* _Problem to solve_
Restate, word for word and with no pictures, the stretch of lines in the data below that begins at the line with "czajnik-bosch-twk-3p423-stan-nowy" and ends at the line with "Casa - Venda", inclusive.

* _Provided information_
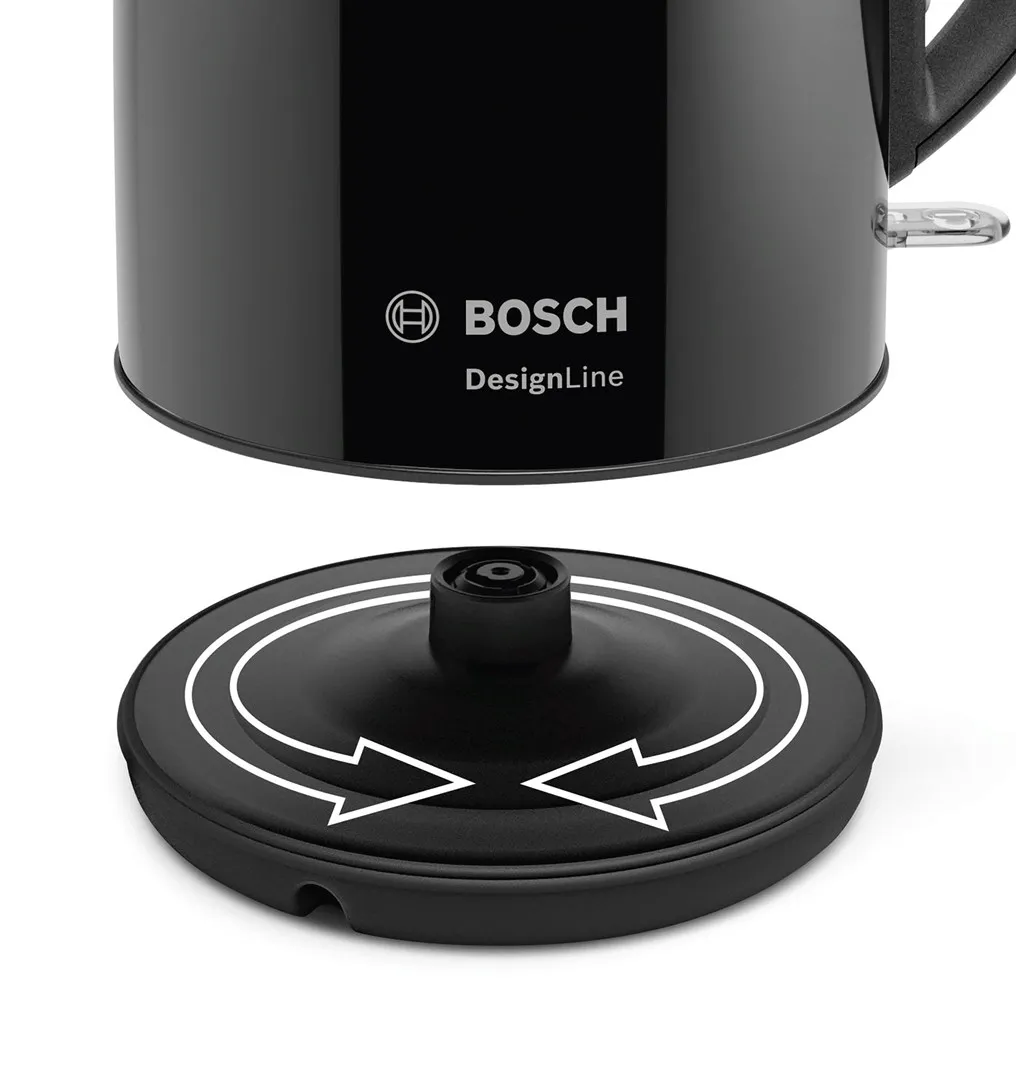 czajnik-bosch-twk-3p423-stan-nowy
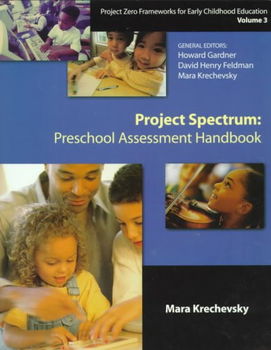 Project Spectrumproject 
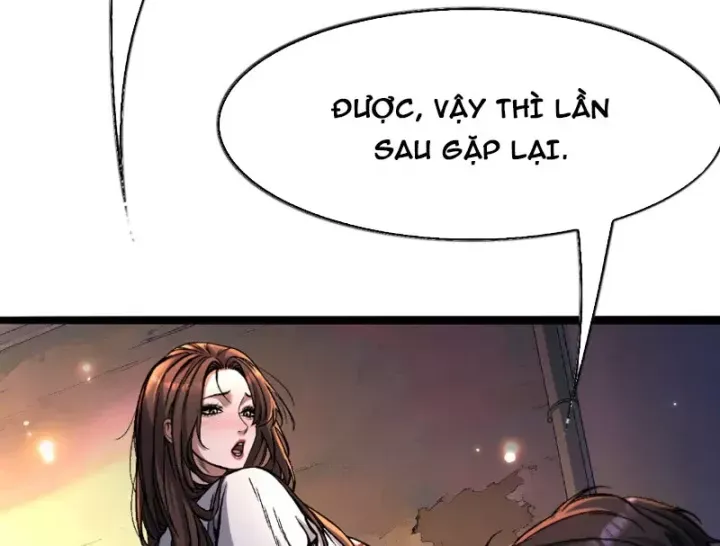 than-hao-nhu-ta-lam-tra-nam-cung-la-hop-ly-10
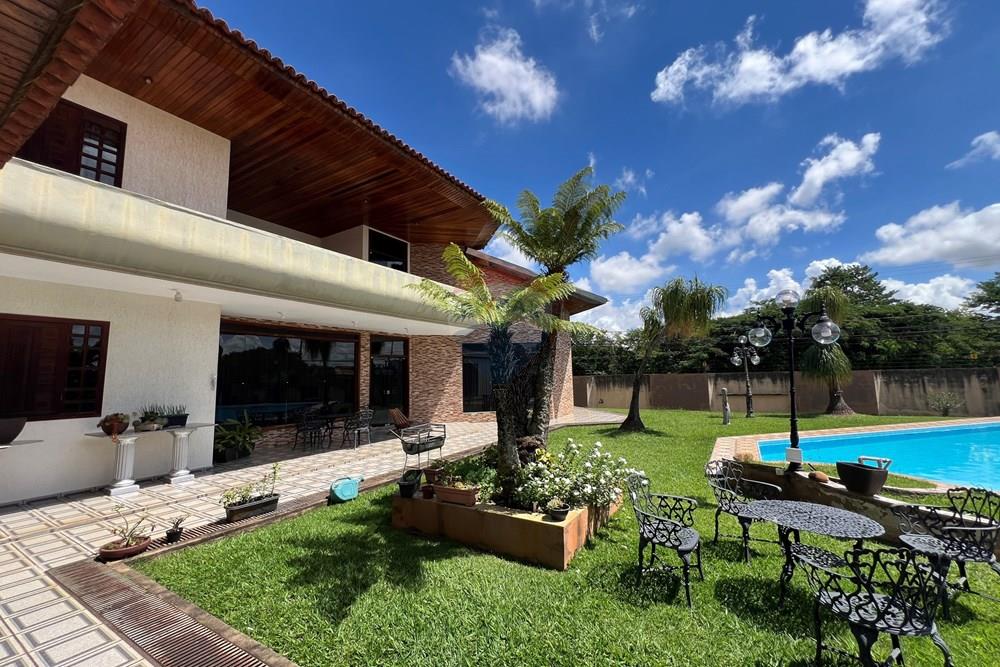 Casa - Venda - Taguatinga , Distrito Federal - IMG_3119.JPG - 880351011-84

...

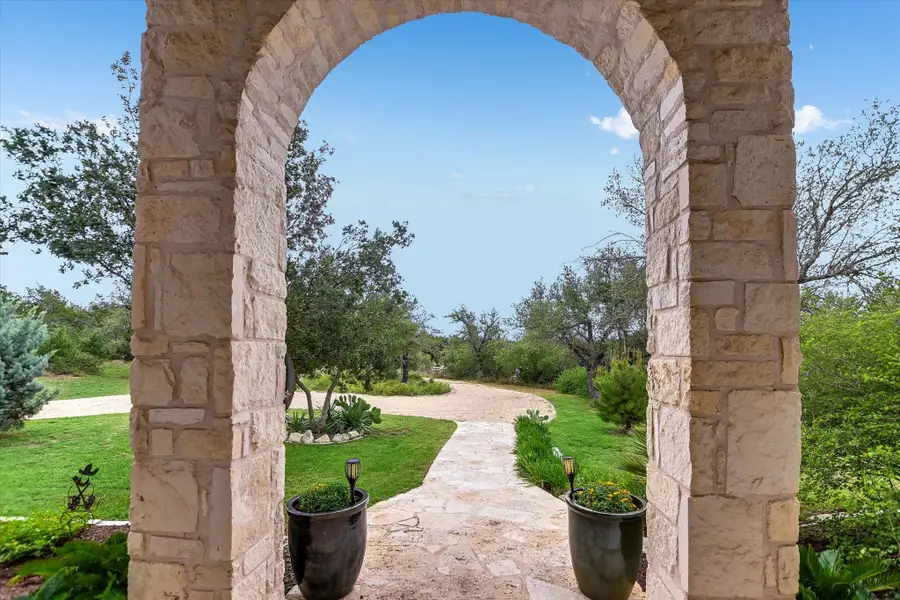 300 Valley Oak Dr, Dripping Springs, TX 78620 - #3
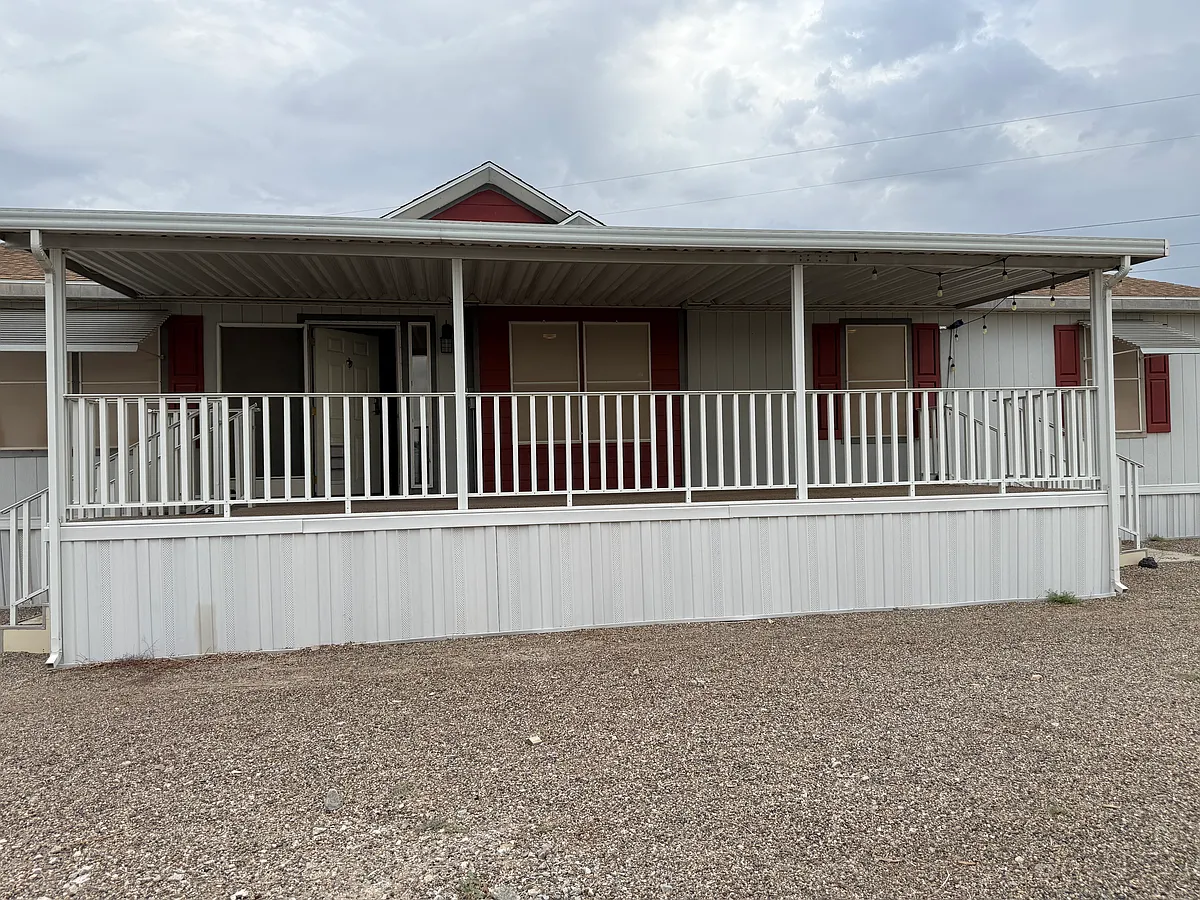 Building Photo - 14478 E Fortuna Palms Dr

--

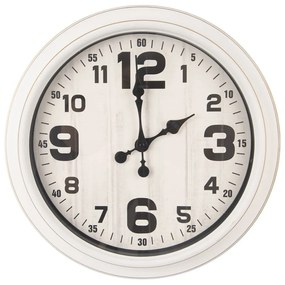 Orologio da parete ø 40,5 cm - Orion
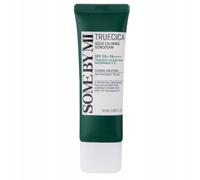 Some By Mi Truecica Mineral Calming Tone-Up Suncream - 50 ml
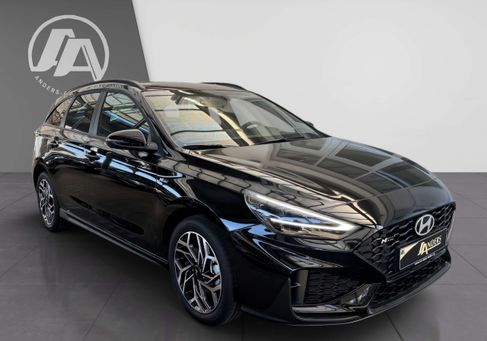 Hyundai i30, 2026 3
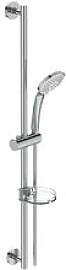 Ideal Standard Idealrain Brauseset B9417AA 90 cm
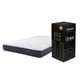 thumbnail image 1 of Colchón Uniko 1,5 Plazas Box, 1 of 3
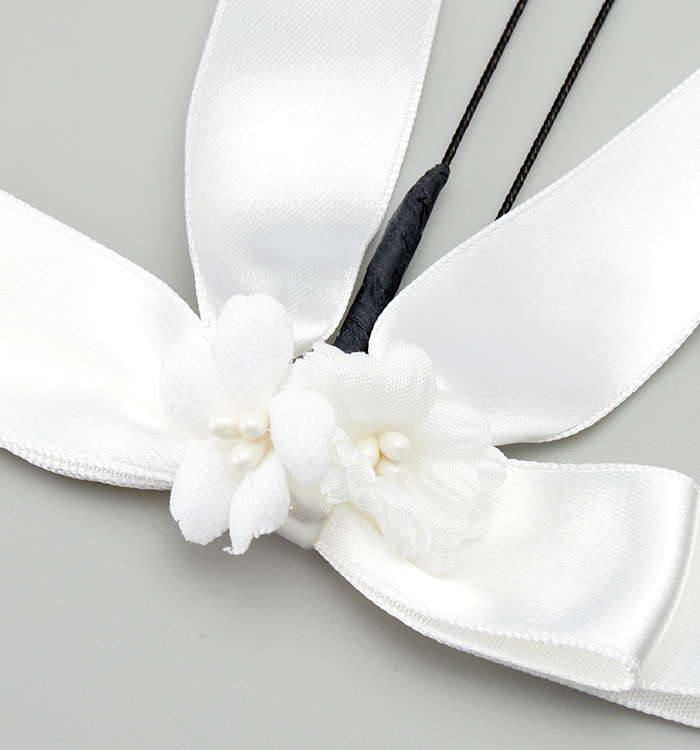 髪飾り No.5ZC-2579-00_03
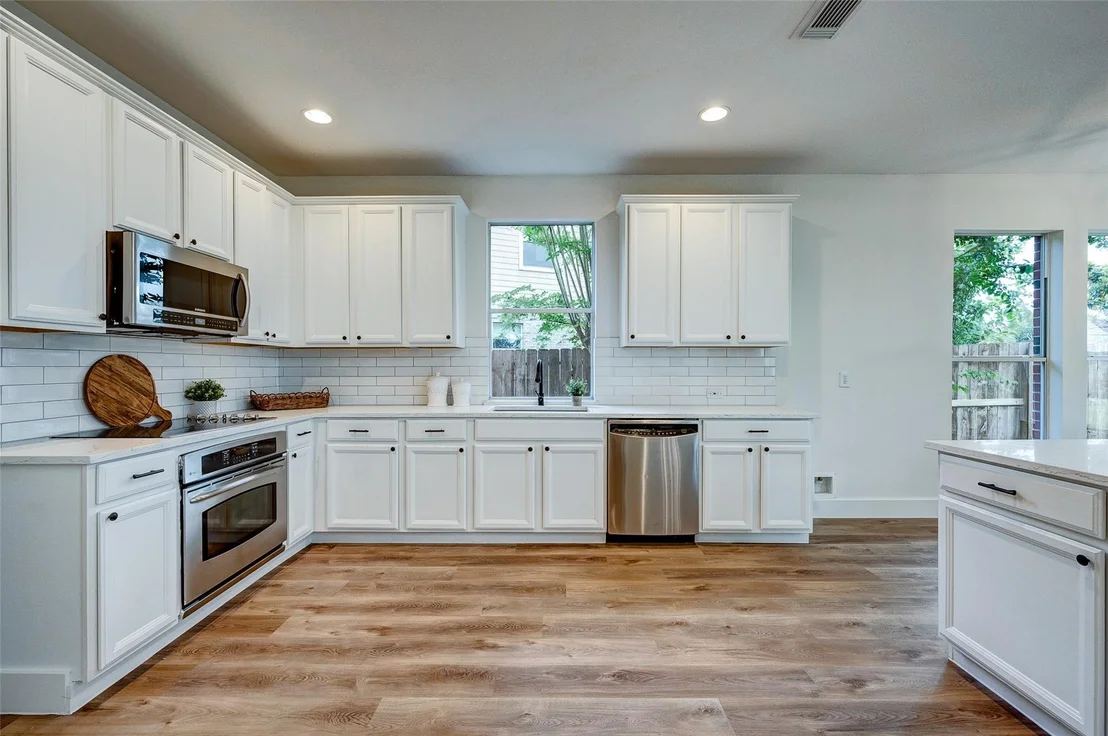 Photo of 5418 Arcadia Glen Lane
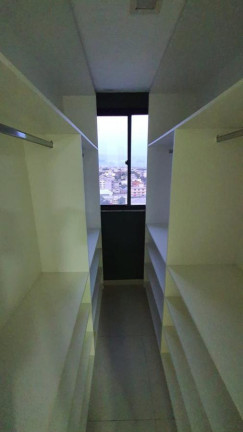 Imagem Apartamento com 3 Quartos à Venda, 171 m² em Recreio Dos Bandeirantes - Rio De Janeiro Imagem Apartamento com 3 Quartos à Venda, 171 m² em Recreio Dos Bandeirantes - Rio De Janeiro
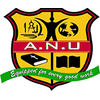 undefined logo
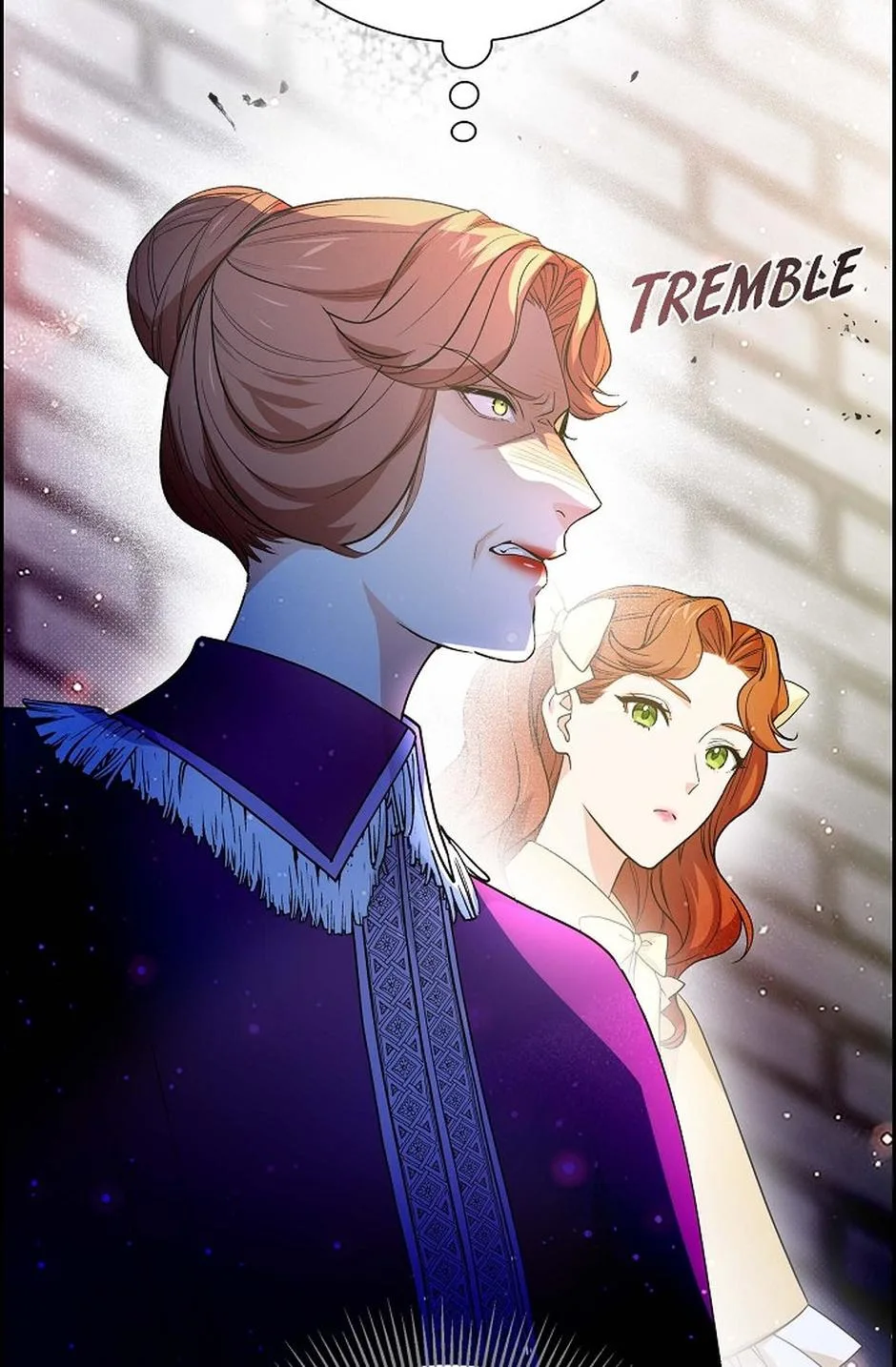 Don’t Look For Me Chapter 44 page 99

* _Answer area_
 czajnik-bosch-twk-3p423-stan-nowy
 Project Spectrumproject 
 than-hao-nhu-ta-lam-tra-nam-cung-la-hop-ly-10
 Casa - Venda - Taguatinga , Distrito Federal - IMG_3119.JPG - 880351011-84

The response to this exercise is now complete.